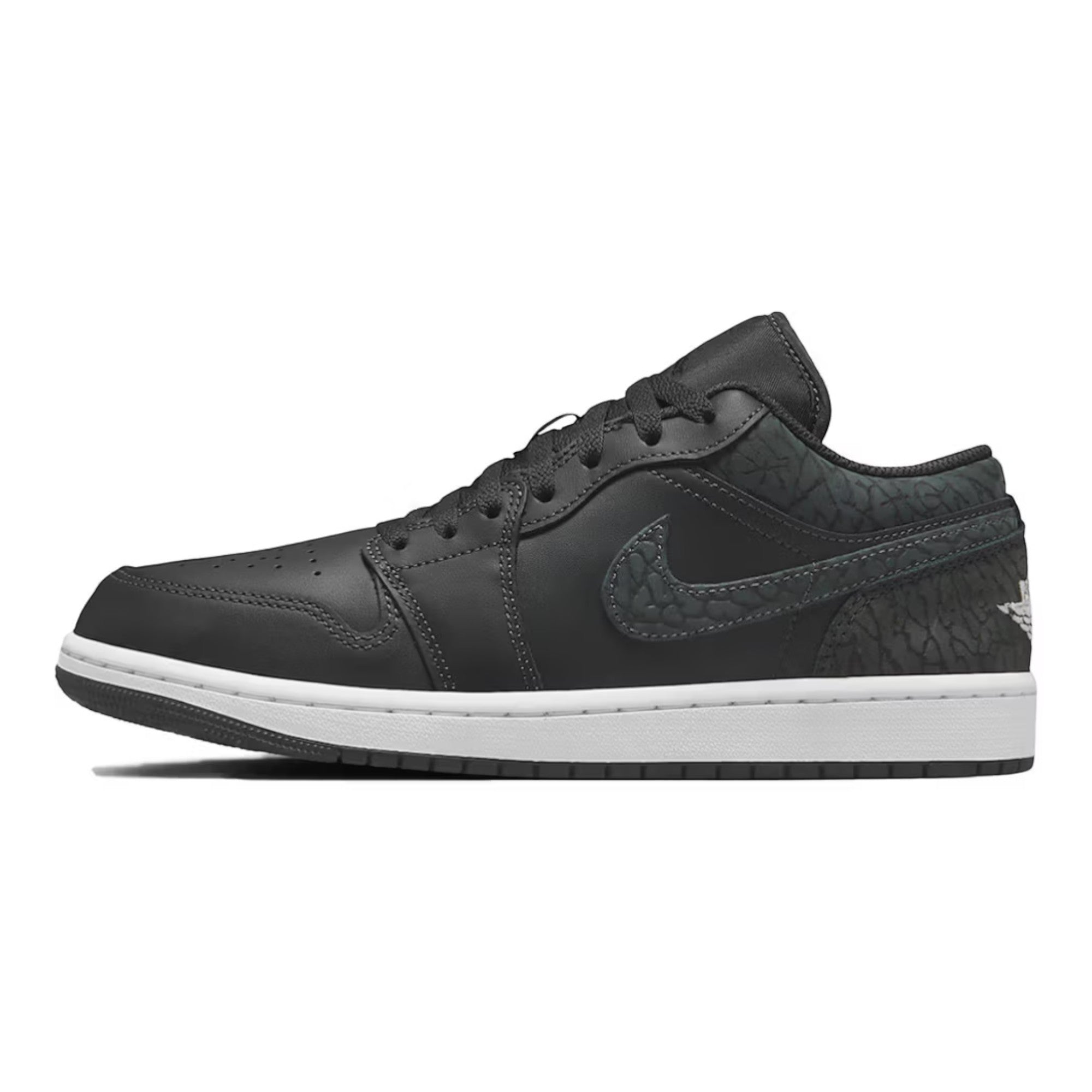 Air Jordan 1 Low SE Black Elephant
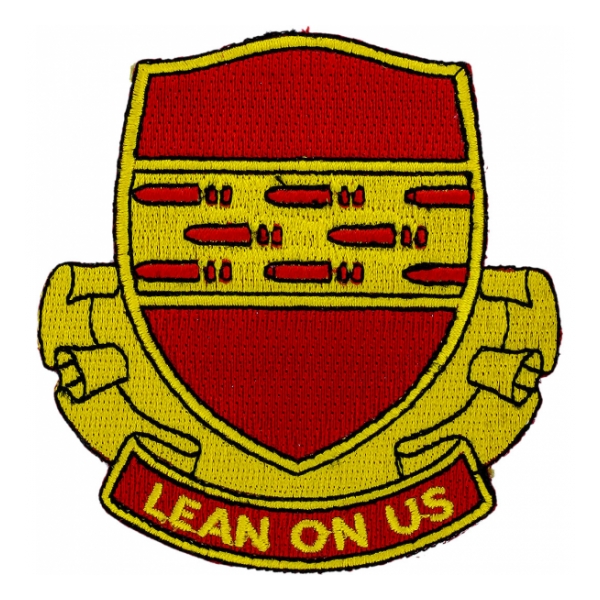 600th Field Artillery Battalion Patch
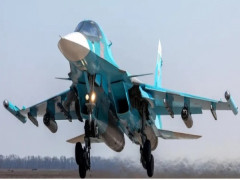Su-34 Nga xuất kích, tấn công sở chỉ huy của Ukraine ở Kupyansk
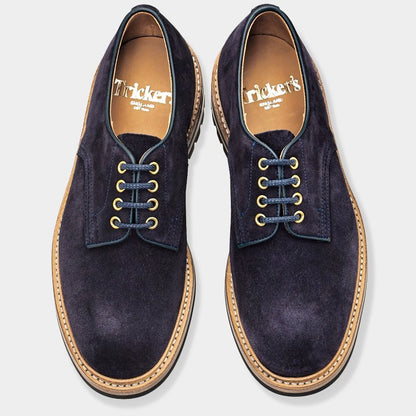 【青山店別注】M7278 DANIEL / NAVY OX REVERSED SUEDE (COMMANDO SOLE)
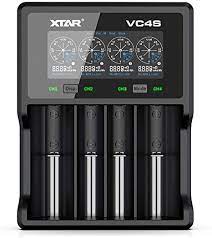 XTAR VC4SL - External Battery Charger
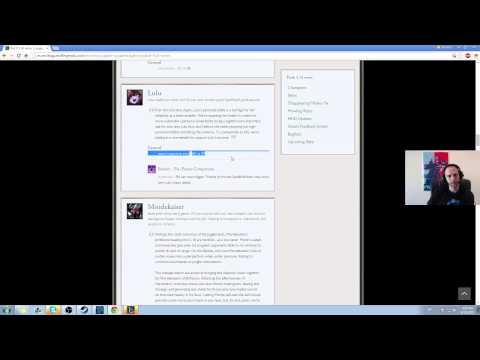 Saintvicious League of Legends Patch 5.18 RunDown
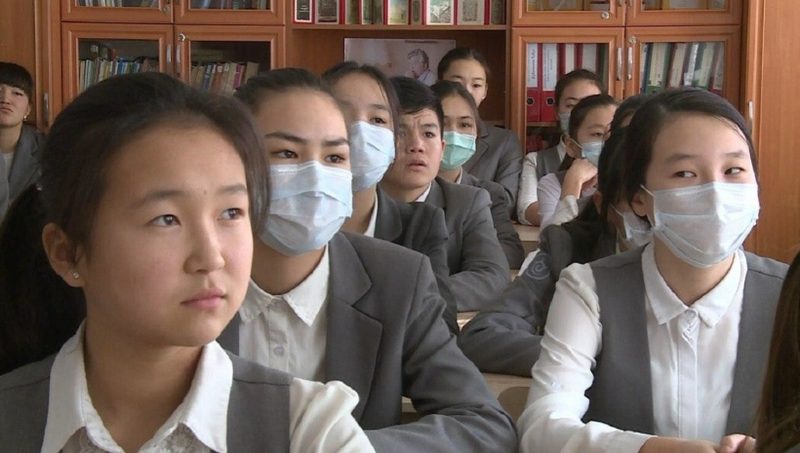 Масочный режим в школах установил отдел образования Атырау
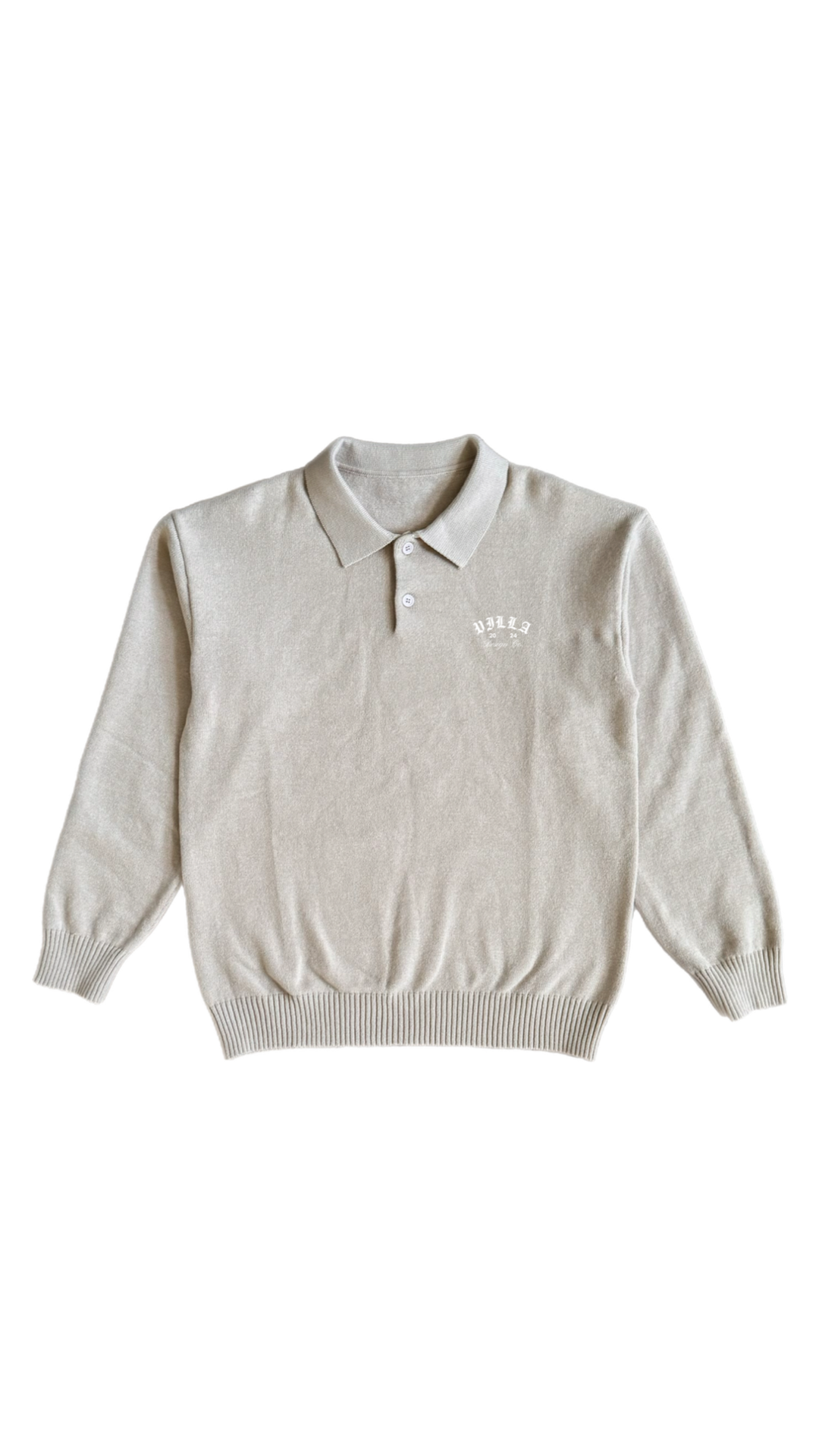 VillA Design Co. Polo knit sweater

■ ■ ■ ■ ■

Write out exactly the lines from the one containing "Saintvicious League of" through the end of the entries, both included. Pictures are not copied.

 Saintvicious League of Legends Patch 5.18 RunDown
 Масочный режим в школах установил отдел образования Атырау
 VillA Design Co. Polo knit sweater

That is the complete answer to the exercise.